Aim of the exercise
Here is the task for the listing below: output exactly the lines from the one containing "3D Illusion Pineapple" through the one containing "Block Printed Rayon A-Line Kurta (Pre-Order)", and leave out the pictures.

Study material
********
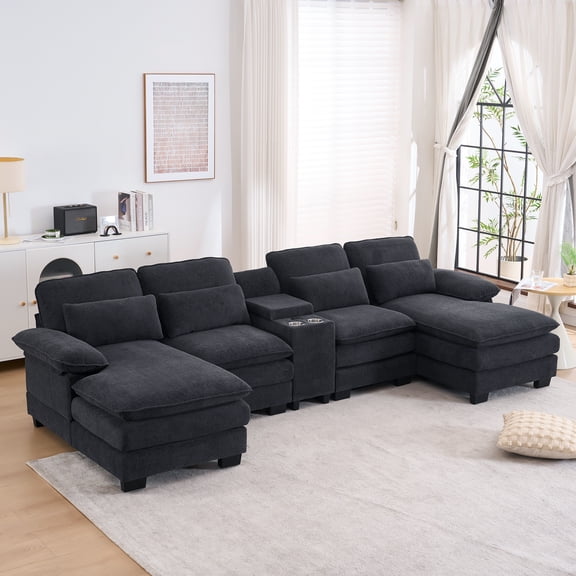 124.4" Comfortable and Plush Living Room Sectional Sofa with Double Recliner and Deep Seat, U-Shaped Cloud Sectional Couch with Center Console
********
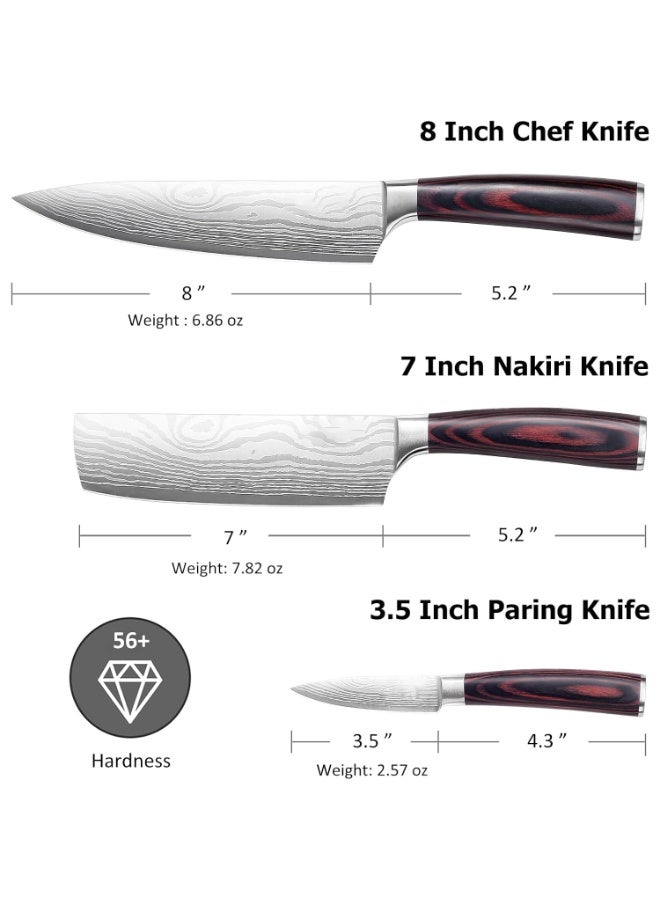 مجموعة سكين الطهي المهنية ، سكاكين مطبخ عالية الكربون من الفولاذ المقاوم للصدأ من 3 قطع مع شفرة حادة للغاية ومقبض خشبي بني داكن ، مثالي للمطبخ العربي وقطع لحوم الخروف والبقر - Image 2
********
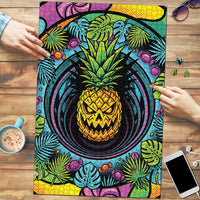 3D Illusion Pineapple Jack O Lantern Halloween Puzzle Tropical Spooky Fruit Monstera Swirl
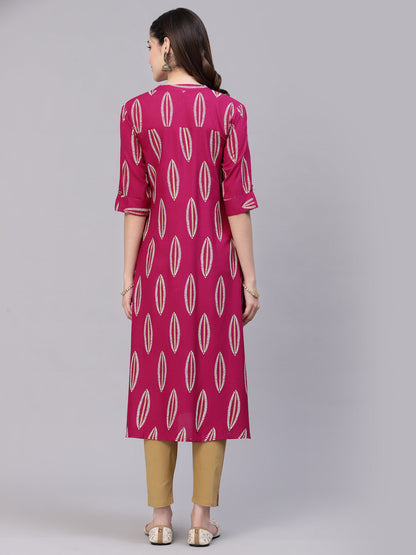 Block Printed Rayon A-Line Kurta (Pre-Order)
********
Written reply
 3D Illusion Pineapple Jack O Lantern Halloween Puzzle Tropical Spooky Fruit Monstera Swirl
 Block Printed Rayon A-Line Kurta (Pre-Order)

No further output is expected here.